The main objective of this work is to determine if rhamnose catabolism plays a role in competition for nodule occupancy in S. meliloti as it does in R. leguminosarum. Competition for nodule occupancy assays show that S. meliloti rhamnose mutants are compromised in their ability to compete against an isogenic wild-type (Figure 3A). In addition, they are less capable of adhering to germinating seedlings (Figure 3C). A mariner-based transposon insertion sequencing study recently identified that insertions in rhaD (pRL110415) resulted in an impaired fitness with respect to survival in the nodule or bacteroid, whereas mutations in the rhamnose transporter (pRL110413-pRL110410) did not show the same phenotype [56]. Although it was suggested this might be due to a second rhamnose transporter that might be present in the Rlv3841 genome, based on the ability of RhaK to directly phosphorylate rhamnose [23], the close phylogenetic relation of RhaK with the Rlv3841 homologue (pRL110408) [25] and that insertions within pRL110413-pRL110410 would be polar on pRL110408; an alternative hypothesis could be that rhamnose phosphate is being generated in strains carrying rhaD mutations which cannot be further metabolized and leads to impaired nodule and bacteroid fitness.

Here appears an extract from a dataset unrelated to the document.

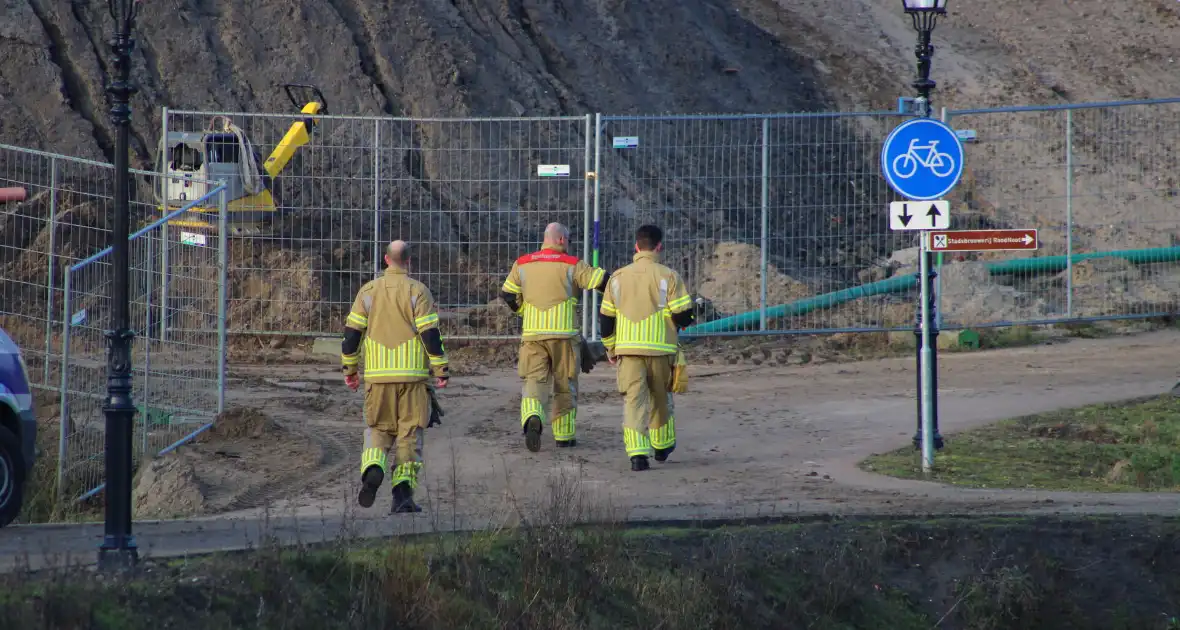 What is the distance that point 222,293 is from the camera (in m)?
14.6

In both R. leguminosarum strain Rlt100 as well as S. meliloti, it was shown that strains carrying mutations in their transporters were unable to compete for nodule occupancy ([15], Figure 3A), suggesting that rhamnose catabolism affects competition for nodule occupancy across multiple rhizobial species. Based on our data, it is possible rhamnose is available during the host colonization process, allowing strains capable of its catabolism a competitive edge. Supporting this hypothesis, small amounts of rhamnose have been measured in the root exudates in other legumes [57]. Alternately, it is also possible that that this inability to compete for nodule occupancy is not directly linked to the ability to use the rhamnose as a carbon source, but due to its presence which cannot be reduced if it is not metabolized. The exact mechanism of how rhamnose affects competition for nodule occupancy is the focus of future work.